Fast-forward sixty years -- a grown Hellboy (Ron Perlman) and his fishy friend Abe (Doug Jones) are working at a paranormal government agency that specializes in policing the supernatural, with the weirded-out Agent Myers (Rupert Evans) just joining the team. Soon afterwards, Hellboy is called on to kill Sammael the Hellhound -- but it turns out that Sammael can replicate himself indefinitely.
As Hellboy and his team try to hunt down the remaining Sammaels, the dying Professor Broom (John Hurt) finds that a revived Rasputin and his immortal Nazi followers have orchestrated all this. And Rasputin is continuing to pull the strings behind the scenes -- including using Hellboy's love Liz (Selma Blair), a depressed pyrokinetic. And when Hellboy suffers a devastating loss, his journey will take him right back to his roots -- and the potential destruction of the world.

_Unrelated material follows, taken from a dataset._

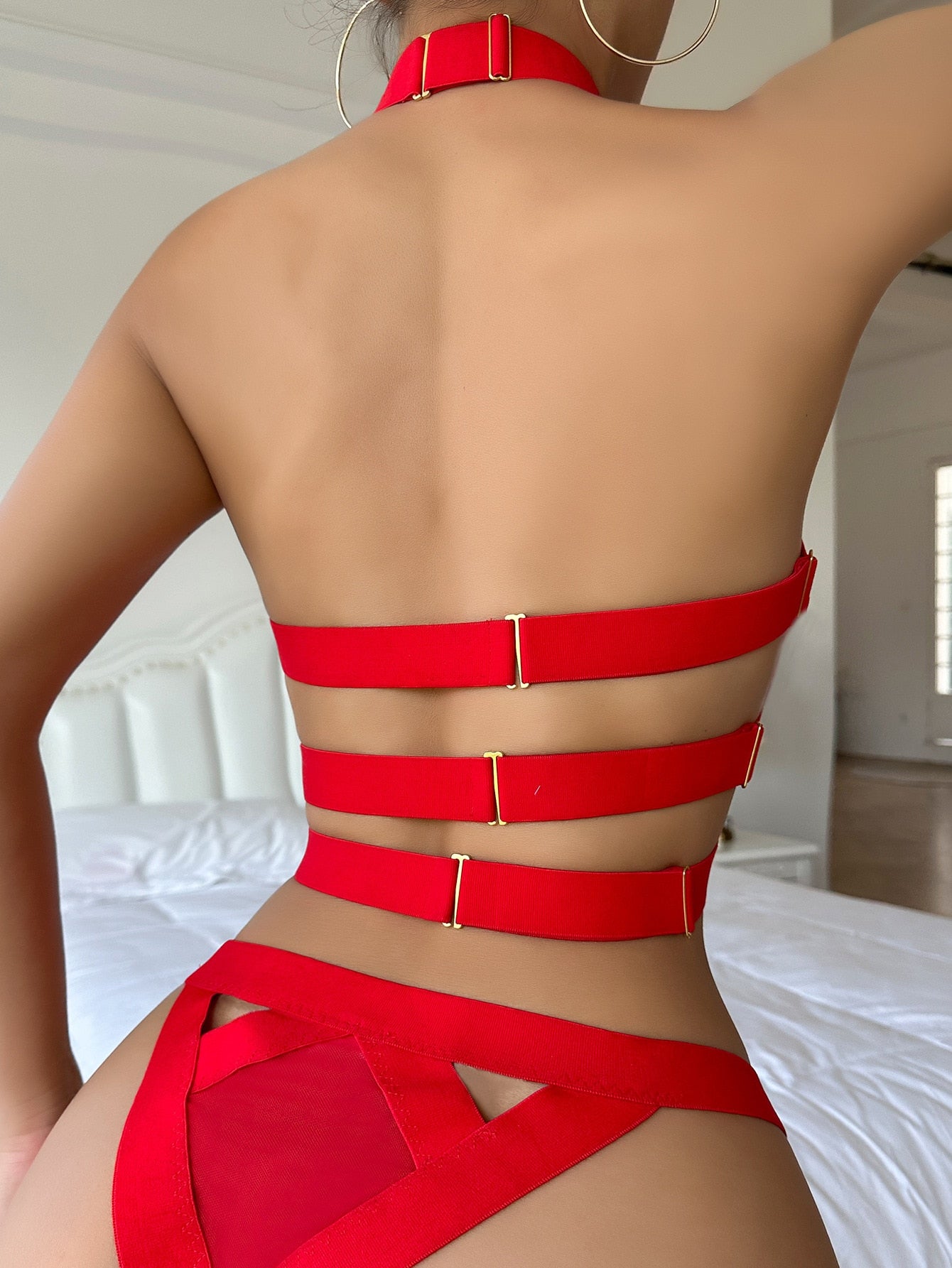 Ellolace Erotic Lingerie Bandage Underwear Halter Bra Kit Push Up Sexy Outfits Sissy Open Cup Bra Hot Red Fine Intimate Set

Watching "Hellboy," it's easy to see how Guillermo Del Toro because world-famous for the exquisitely dark "Pan's Labyrinth," and why he's been chosen to direct the forthcoming "Hobbit" movies. This adaptation could have just been another paint-by-numbers comic-book story, but Del Toro gives it the kind of grime, quirk, brains and heart that a lasting cult movie should have.

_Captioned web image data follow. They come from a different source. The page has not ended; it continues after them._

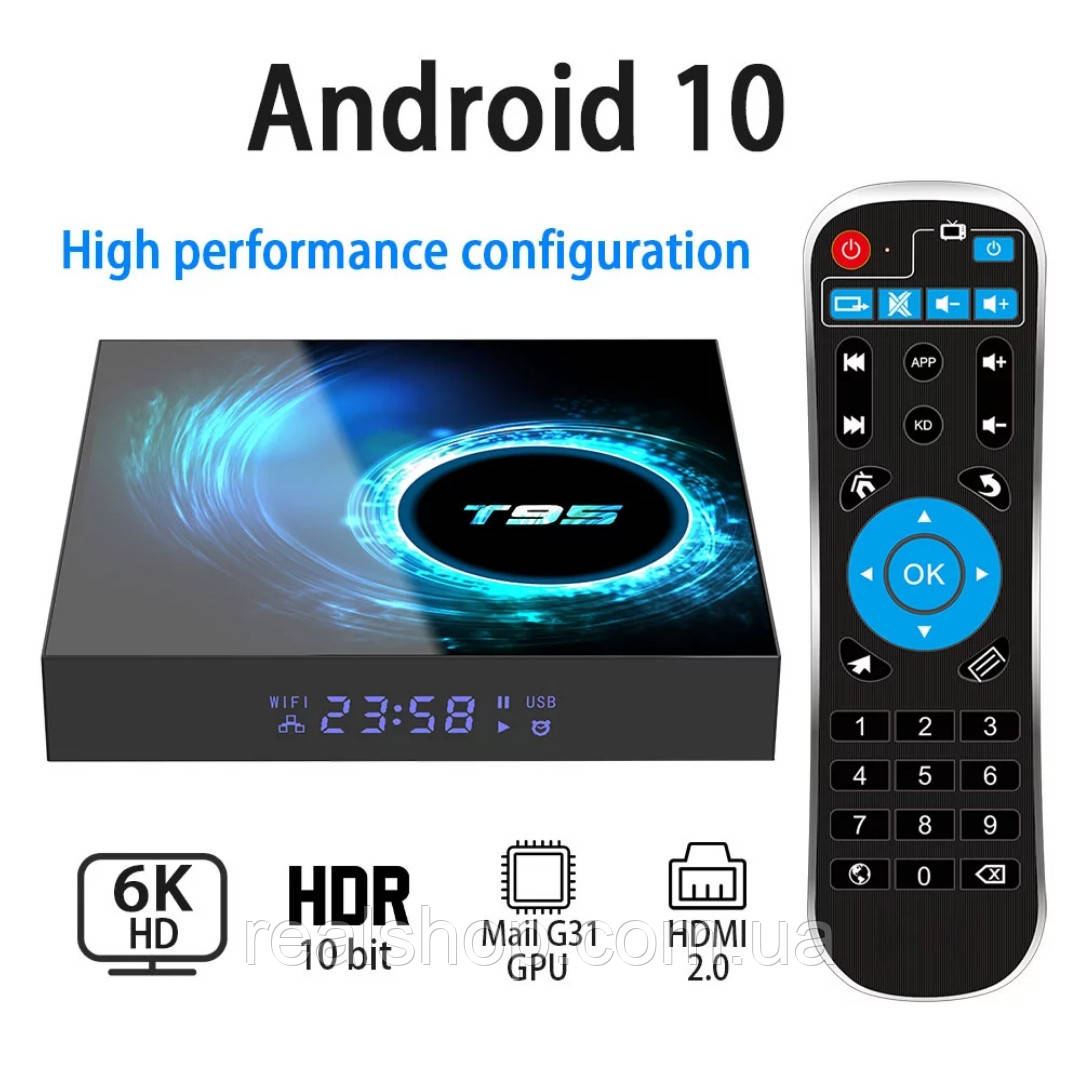 Смарт-приставка T95 4GB/32 GB Android 10.0 Smart TV Смарт ТВ Приставка 6K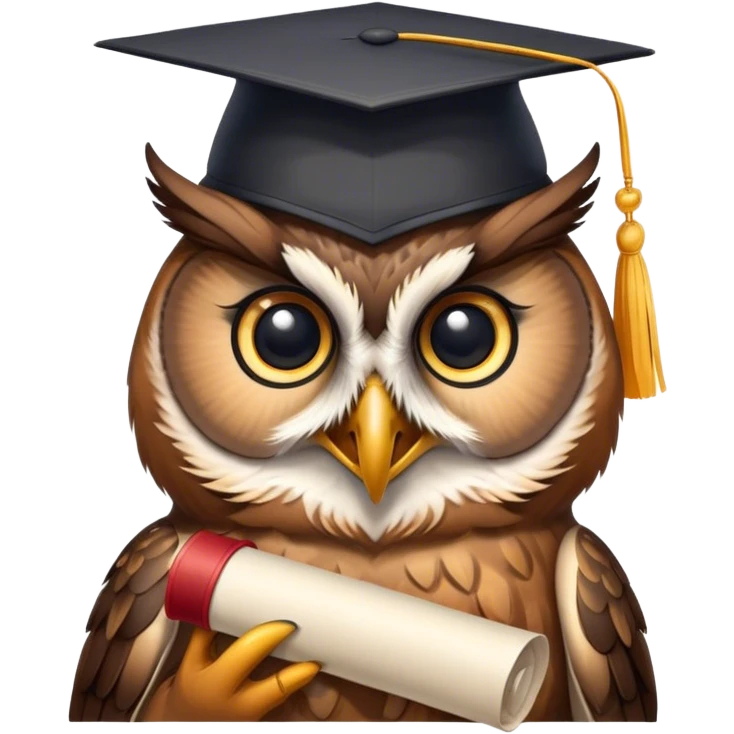 Owl smiling with graduation hat and diploma in claws emoji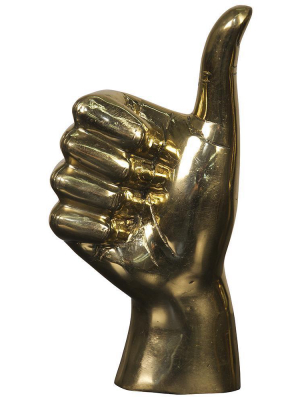 Noir Thumbs Up Brass Sculpture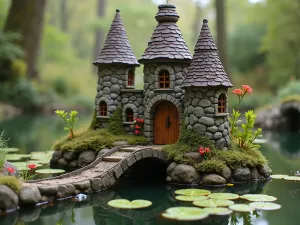 Medieval Gnome Castle - Normal view of a miniature castle-style gnome dwelling with tiny turrets, a drawbridge, and a moat filled with water plants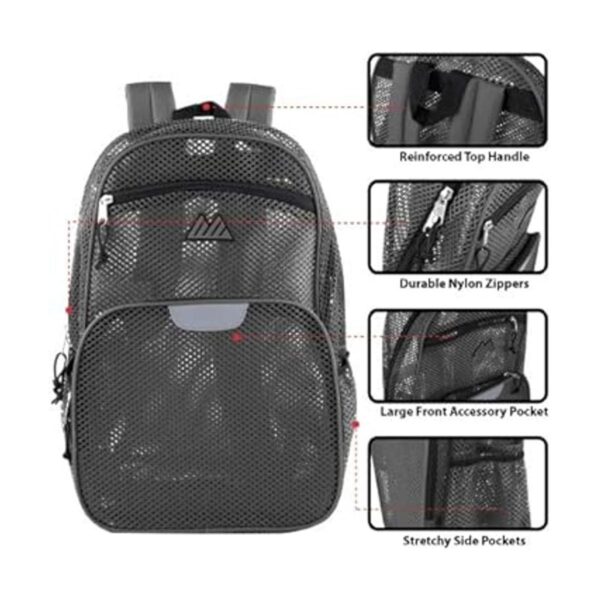 Mochilas plegables de malla para adultos escuela playa_2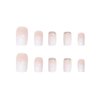 Kamize Short Square Press on Nails Gradient Fake Nails with Rhinestones Full Cover Acrylic Nude False Nails for Women and Girls 24PCS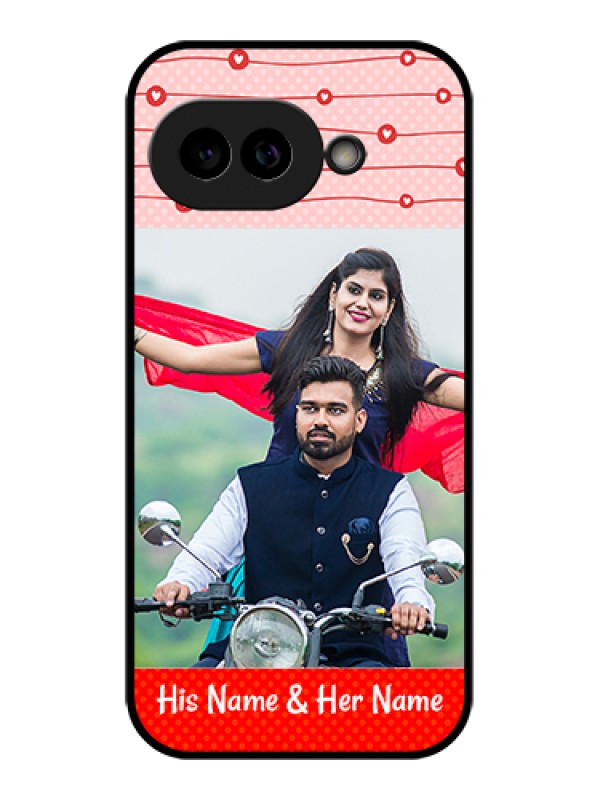 Custom Pixel 9A 5G Custom Glass Phone Case - Red Pattern Case Design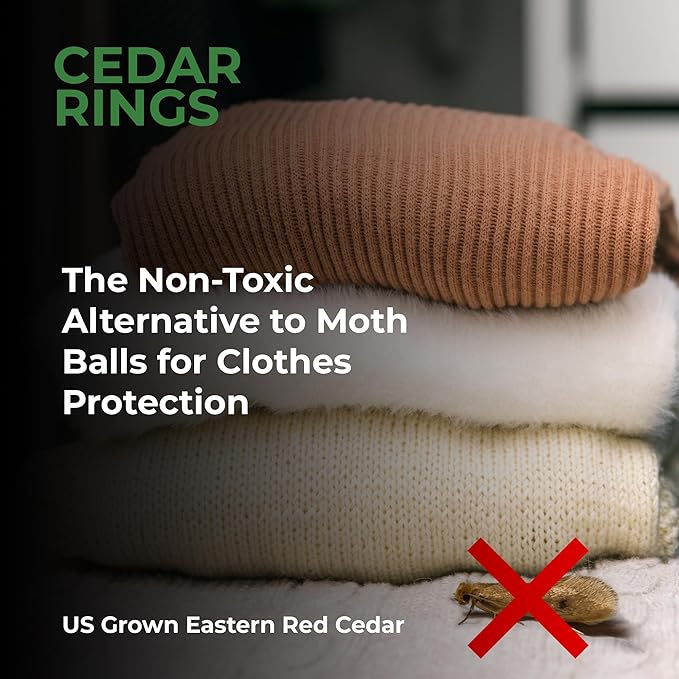 Professor Killamoth 30 Cedar Rings for Clothes Storage - Stop Clothes Damage - 30 Fresh Cedar Rings to Protect Your Clothes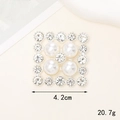 Silver square brooch with four large pearls and rhinestone border details, 4.2cm size - D1740 Square Rhinestone Pearl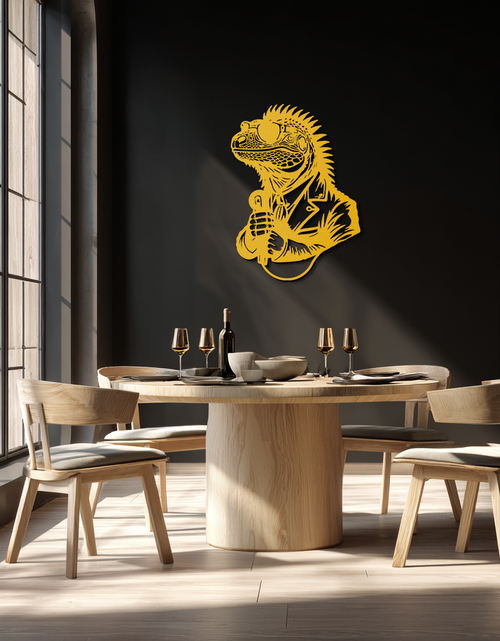 Load image into Gallery viewer, Cool Lizard Metal Wall Art – Unique Reptile Selfie Decor for Home and Office- KAF512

Part of that cult appeal is "Hellboy's" distinctive look, with Lovecraftian tentacle-gods and some steampunky details. And the action scenes are pretty spectacular -- trains, slimy hellhounds, sword-swinging Nazis with chopped-up faces, giant clock cogs, and a fiery explosion in a mental asylum. And there are some truly spectacular action scenes in a vast underground labyrinth, full of ancient hammers and collapsing bridges. There's just enough action and grossness, without going overboard.
But Del Toro is able to balance out the action with some truly touching moments, such as the aged Broom's final scenes in his firelit study. And there's a lot of dark humor here as well -- and not all of it is Hellboy's dry one-liners. The movie is liberally peppered with dark humor moments ("1945, you mean. Hitler died in '45." "DID he now?"), including some hilariously macabre scenes involving a bad-tempered Russian zombie ("This is Ivan Klimatovich. Say hi, Ivan." "Go that way, Red Monkey!").

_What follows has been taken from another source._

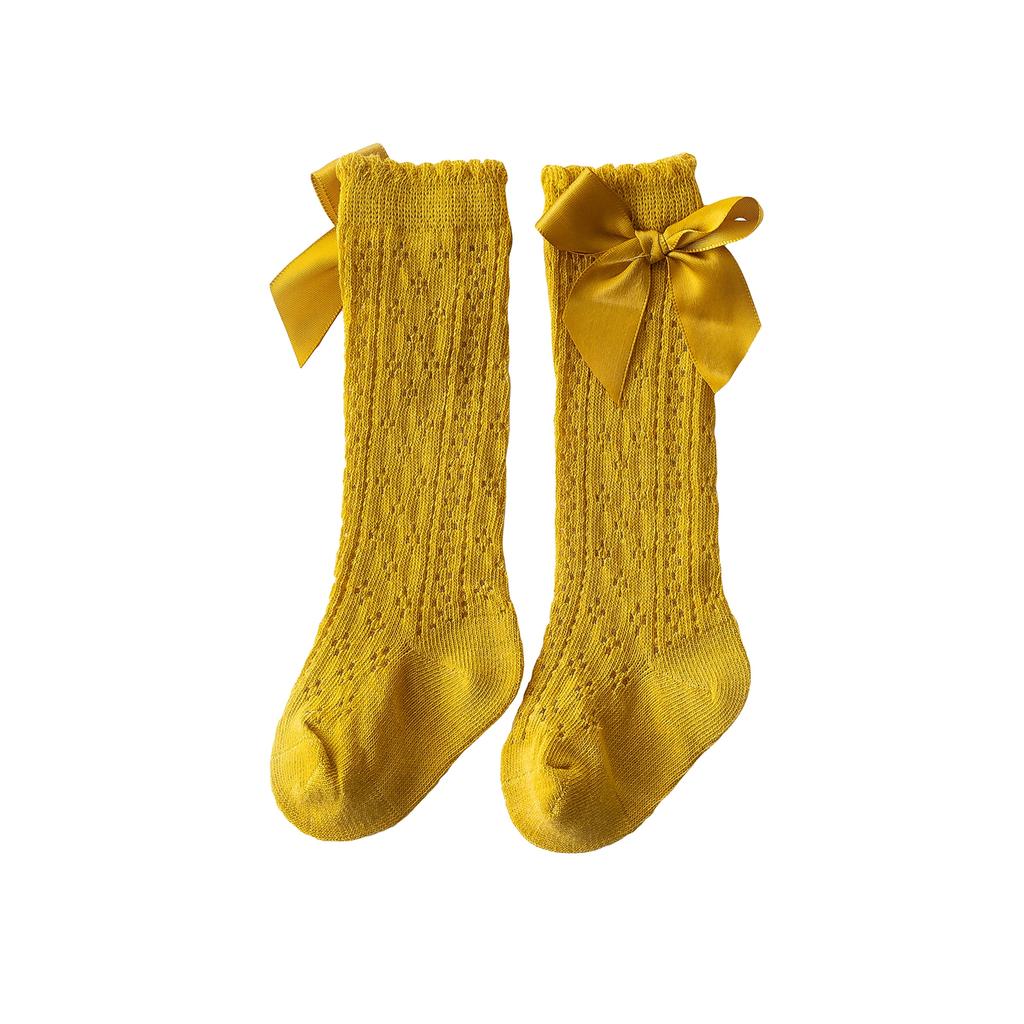 Baby Girls Knee High Socks Breathable Cutout Mesh Cute Bows Dress Socks Newborn Stockings for Clothing Accessories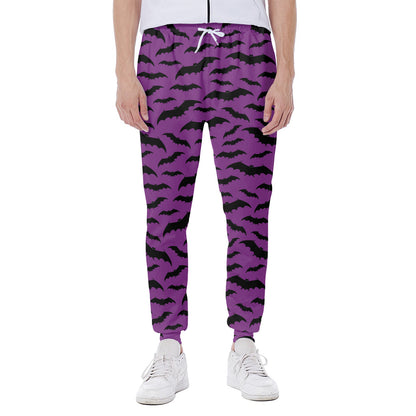 Purple And Black Halloween Bat Print Scuba Joggers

Most importantly, Del Toro is able to give his characters little human quirks -- hair plugs, love of cats, and Hellboy sanding down his horns in the morning. Perlman is simply amazing as "Red," whose gruff scarlet exterior hides a kindly, affectionate heart. Not many actors could emote through that many prosthetics (including a very lifelike tail), but Perlman makes it look natural.
Though he's playing a ninetyish old professor, Hurt plays his role with a quiet, powerful sense of goodness. Jones and Evans also do excellent jobs, one as an erudite psychic fish-man ("We lead a charmed life," he observes as cockroaches skitter around him) and an earnest young agent. Selma Blair is the one downside -- she sort of mumbles in a monotone most of the time.
"Hellboy" is one of the best comic-book adaptations that Hollywood has turned out, primarily because of the darker, eerier aesthetic Guillermo Del Toro brings to it. Definitely a must-see.